▶ _Exercise brief_
Your answer should consist only of the lines below from the one with "快乐成熟的秃头男人展示数码平板电脑视频的预览图" through the one with "Sanatsal Yolculuk Sürüyor", copied exactly.

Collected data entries
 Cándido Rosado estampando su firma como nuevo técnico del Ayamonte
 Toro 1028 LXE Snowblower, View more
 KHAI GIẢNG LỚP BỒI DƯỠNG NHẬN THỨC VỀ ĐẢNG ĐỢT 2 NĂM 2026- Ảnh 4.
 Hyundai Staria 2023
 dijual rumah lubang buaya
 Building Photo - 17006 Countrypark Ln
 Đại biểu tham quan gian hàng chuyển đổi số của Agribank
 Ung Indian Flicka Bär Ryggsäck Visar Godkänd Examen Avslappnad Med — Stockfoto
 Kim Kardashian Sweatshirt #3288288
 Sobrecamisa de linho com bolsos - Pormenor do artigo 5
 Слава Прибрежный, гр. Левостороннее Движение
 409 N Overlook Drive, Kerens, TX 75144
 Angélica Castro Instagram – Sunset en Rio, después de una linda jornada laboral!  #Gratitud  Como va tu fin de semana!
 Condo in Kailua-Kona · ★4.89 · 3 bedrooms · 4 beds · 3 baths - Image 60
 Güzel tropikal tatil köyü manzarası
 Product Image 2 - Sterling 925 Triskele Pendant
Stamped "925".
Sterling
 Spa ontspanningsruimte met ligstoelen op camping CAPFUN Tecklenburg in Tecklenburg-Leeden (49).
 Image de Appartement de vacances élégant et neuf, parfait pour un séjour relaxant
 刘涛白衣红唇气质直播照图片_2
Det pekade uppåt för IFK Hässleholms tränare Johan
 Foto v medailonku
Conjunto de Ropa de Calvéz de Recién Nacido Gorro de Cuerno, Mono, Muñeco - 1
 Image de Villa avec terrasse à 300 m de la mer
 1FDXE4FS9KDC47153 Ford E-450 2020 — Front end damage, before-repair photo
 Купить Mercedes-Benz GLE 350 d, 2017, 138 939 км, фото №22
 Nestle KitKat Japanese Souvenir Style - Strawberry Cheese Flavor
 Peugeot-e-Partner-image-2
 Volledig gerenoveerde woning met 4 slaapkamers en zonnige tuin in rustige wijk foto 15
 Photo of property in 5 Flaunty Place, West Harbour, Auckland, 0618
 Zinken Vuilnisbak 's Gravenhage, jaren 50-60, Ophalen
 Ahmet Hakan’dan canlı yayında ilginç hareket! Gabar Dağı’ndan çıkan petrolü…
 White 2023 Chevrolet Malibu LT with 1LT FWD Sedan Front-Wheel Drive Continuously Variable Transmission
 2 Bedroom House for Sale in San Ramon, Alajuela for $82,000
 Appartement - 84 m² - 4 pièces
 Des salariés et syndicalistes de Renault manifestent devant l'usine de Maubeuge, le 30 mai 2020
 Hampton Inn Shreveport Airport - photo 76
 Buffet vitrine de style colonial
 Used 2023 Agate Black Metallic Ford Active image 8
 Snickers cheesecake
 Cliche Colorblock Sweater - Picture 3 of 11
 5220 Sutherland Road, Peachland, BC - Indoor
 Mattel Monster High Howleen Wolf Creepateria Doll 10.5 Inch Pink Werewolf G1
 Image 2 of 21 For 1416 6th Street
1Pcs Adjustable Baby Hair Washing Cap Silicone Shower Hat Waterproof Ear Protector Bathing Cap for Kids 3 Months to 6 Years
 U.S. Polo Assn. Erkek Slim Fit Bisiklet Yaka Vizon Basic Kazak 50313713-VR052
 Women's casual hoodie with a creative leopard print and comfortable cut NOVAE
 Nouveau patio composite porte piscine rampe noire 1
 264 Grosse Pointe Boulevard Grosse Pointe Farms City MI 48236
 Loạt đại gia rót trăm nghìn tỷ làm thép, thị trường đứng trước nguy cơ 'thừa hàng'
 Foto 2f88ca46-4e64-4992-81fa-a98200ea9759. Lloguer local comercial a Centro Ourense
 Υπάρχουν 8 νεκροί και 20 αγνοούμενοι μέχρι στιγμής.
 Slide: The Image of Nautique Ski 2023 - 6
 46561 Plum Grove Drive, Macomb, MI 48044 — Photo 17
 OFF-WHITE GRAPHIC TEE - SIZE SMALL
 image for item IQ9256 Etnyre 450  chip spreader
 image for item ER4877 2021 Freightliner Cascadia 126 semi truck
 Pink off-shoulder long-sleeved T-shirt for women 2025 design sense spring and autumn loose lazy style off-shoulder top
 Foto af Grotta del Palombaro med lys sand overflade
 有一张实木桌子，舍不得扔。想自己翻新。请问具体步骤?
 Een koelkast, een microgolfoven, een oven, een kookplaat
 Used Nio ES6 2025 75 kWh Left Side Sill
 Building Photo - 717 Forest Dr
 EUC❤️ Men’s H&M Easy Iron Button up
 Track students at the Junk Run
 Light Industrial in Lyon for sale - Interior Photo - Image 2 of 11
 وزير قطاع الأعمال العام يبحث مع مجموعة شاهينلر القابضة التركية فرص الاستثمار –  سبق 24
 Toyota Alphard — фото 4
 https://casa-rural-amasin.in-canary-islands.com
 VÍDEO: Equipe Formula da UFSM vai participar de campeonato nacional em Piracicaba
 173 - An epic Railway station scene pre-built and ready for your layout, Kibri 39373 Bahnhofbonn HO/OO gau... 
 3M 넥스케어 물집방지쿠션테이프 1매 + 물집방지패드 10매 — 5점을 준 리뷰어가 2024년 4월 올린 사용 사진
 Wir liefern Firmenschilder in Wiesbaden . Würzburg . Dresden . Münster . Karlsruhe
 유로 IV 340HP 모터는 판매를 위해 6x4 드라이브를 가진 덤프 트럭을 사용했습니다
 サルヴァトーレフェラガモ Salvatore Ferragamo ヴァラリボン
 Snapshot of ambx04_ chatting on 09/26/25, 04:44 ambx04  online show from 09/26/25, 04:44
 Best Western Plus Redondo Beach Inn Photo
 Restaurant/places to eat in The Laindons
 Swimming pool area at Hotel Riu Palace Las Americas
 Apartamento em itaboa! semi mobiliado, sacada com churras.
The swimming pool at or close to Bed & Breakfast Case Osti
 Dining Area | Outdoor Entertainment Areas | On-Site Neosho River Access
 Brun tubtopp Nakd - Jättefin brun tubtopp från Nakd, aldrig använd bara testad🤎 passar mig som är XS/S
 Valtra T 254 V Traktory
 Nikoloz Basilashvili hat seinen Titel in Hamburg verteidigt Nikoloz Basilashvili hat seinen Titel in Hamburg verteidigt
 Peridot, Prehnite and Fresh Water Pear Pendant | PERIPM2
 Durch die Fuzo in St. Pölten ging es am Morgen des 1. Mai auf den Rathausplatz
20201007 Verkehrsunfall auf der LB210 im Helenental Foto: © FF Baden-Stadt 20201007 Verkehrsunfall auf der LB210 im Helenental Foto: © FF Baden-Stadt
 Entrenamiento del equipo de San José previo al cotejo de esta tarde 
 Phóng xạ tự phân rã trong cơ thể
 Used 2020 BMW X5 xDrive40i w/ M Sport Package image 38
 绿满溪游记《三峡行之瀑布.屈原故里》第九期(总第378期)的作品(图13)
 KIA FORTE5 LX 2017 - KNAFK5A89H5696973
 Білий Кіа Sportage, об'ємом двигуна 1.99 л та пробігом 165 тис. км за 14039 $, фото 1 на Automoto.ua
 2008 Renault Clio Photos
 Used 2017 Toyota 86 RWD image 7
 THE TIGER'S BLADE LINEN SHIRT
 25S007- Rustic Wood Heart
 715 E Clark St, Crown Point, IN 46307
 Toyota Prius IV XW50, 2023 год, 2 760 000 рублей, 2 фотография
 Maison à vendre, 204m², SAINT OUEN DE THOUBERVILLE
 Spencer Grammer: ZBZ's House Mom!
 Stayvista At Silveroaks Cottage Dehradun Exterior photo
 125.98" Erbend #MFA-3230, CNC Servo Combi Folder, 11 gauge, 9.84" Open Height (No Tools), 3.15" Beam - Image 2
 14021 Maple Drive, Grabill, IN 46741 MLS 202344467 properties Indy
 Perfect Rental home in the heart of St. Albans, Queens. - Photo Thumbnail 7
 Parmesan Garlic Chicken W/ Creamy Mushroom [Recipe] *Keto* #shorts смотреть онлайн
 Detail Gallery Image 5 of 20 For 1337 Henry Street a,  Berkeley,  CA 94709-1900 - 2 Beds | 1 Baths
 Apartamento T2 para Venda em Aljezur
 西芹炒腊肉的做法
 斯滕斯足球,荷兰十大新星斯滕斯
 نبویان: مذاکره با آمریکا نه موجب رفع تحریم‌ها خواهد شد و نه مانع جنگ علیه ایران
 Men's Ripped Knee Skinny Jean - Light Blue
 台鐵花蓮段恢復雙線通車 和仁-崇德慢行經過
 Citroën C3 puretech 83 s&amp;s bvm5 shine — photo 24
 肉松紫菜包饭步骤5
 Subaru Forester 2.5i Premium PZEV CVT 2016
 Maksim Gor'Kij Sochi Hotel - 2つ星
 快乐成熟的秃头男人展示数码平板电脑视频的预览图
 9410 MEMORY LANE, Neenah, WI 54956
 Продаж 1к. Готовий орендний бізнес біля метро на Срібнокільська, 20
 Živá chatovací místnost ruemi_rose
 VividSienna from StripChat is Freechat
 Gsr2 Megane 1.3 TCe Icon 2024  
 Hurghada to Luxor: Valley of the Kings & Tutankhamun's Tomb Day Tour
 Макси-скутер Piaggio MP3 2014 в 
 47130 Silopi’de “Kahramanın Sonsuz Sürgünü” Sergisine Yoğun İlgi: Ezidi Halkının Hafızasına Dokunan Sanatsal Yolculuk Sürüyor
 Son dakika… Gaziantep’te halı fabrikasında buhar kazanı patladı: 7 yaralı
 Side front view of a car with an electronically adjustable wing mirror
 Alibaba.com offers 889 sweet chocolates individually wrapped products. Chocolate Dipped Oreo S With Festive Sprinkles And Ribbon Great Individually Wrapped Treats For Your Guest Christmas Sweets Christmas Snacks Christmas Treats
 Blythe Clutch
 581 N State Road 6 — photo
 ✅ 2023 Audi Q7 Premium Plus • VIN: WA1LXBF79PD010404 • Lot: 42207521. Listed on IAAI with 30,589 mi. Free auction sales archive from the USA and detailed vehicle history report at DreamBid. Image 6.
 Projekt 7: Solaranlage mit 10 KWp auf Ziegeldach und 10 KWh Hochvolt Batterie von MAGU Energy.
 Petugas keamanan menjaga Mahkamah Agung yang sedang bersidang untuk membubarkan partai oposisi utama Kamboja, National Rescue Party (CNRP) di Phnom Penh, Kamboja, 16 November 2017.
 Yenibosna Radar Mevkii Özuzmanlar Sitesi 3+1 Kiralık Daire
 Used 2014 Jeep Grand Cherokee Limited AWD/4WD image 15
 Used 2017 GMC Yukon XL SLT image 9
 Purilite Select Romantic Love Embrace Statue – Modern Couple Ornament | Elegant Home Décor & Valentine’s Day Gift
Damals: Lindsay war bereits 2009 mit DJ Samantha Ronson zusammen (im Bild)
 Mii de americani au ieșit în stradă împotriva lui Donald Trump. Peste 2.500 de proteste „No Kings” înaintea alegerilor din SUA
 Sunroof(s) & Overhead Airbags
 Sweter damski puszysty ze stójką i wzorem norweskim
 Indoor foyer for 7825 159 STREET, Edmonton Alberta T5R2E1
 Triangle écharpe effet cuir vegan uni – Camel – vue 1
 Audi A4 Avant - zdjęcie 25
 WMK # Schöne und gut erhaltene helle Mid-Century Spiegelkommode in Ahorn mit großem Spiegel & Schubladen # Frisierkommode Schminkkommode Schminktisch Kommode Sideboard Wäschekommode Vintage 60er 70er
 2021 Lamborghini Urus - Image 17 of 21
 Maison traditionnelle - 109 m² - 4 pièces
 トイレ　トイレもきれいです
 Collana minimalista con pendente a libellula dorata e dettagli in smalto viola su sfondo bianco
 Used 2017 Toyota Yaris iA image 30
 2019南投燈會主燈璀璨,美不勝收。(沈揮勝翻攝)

▶ _Response to this exercise_
 快乐成熟的秃头男人展示数码平板电脑视频的预览图
 9410 MEMORY LANE, Neenah, WI 54956
 Продаж 1к. Готовий орендний бізнес біля метро на Срібнокільська, 20
 Živá chatovací místnost ruemi_rose
 VividSienna from StripChat is Freechat
 Gsr2 Megane 1.3 TCe Icon 2024  
 Hurghada to Luxor: Valley of the Kings & Tutankhamun's Tomb Day Tour
 Макси-скутер Piaggio MP3 2014 в 
 47130 Silopi’de “Kahramanın Sonsuz Sürgünü” Sergisine Yoğun İlgi: Ezidi Halkının Hafızasına Dokunan Sanatsal Yolculuk Sürüyor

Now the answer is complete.